(SUPPLIED RECORDS Opens)
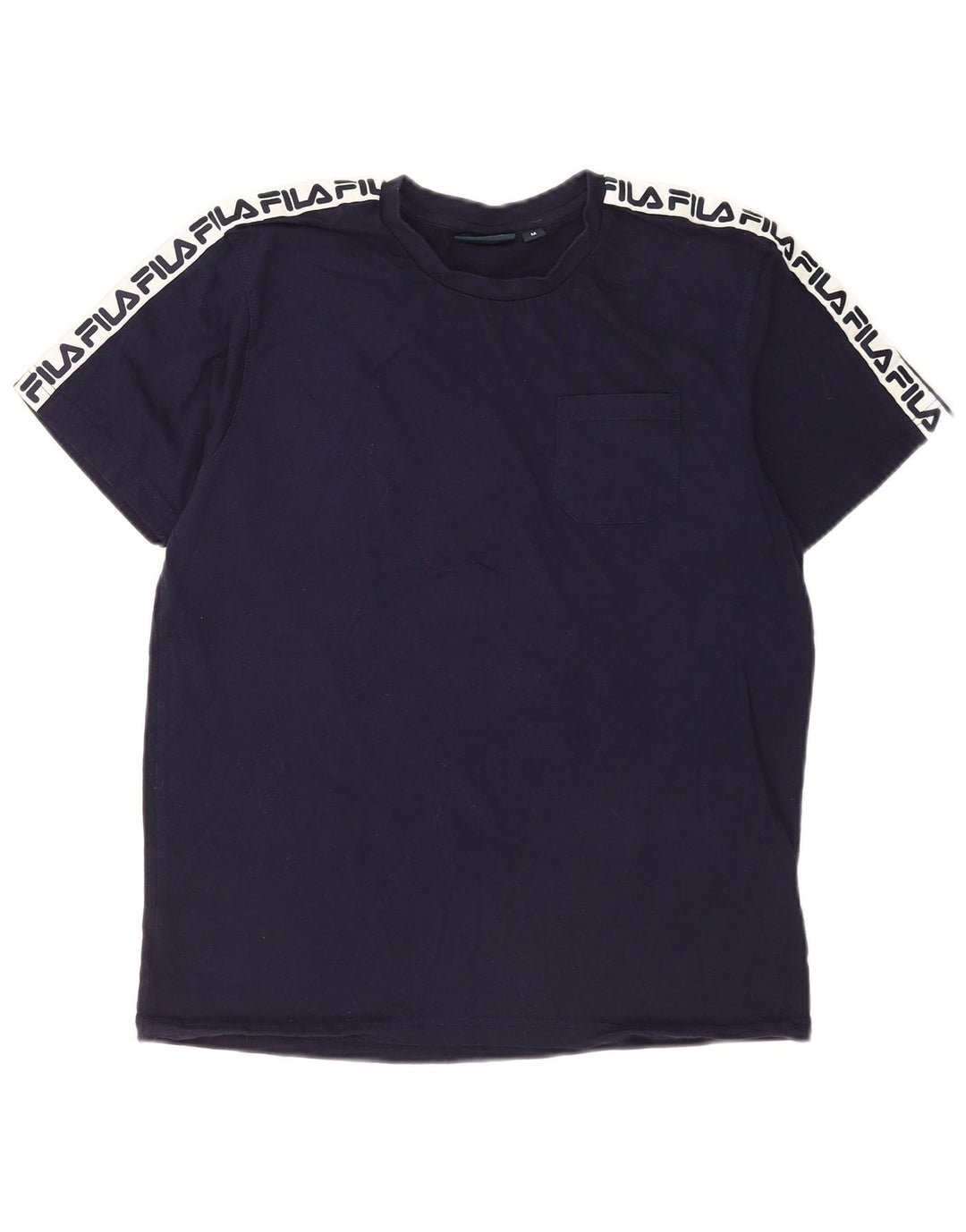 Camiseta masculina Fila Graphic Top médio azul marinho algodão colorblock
(SUPPLIED RECORDS Closes)
(SUPPLIED RECORDS Opens)
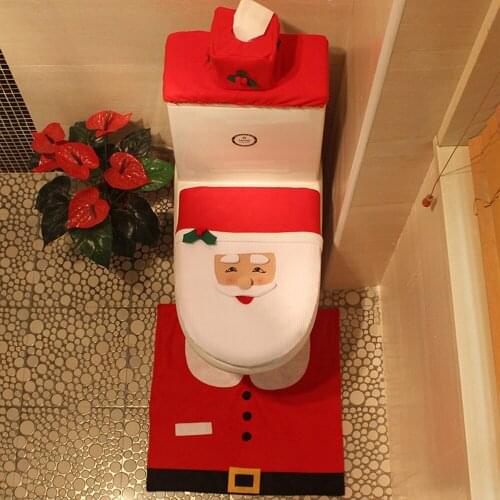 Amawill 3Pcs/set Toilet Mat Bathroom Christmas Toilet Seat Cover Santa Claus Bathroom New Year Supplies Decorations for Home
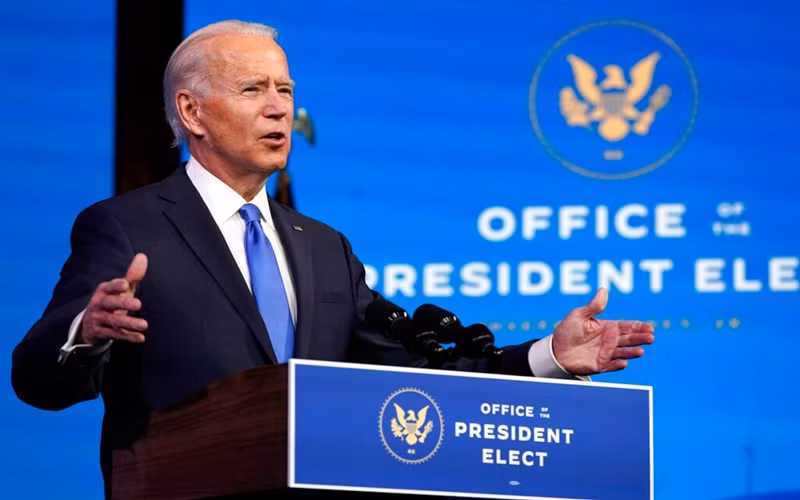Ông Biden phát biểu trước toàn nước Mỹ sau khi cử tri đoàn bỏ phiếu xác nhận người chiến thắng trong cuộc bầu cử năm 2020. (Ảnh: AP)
(SUPPLIED RECORDS Closes)
(SUPPLIED RECORDS Opens)
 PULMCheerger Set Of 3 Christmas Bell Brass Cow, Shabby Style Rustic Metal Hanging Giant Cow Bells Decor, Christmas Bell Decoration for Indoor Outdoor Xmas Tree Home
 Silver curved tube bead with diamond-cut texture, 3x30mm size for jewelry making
(SUPPLIED RECORDS Closes)
**EXERCISE BRIEF**
Only one stretch of the data above is needed. Restate it word for word, from the line containing "PULMCheerger Set Of" through the line containing "Silver curved tube", both ends included.

**RESULT OF THE TASK**
 PULMCheerger Set Of 3 Christmas Bell Brass Cow, Shabby Style Rustic Metal Hanging Giant Cow Bells Decor, Christmas Bell Decoration for Indoor Outdoor Xmas Tree Home
 Silver curved tube bead with diamond-cut texture, 3x30mm size for jewelry making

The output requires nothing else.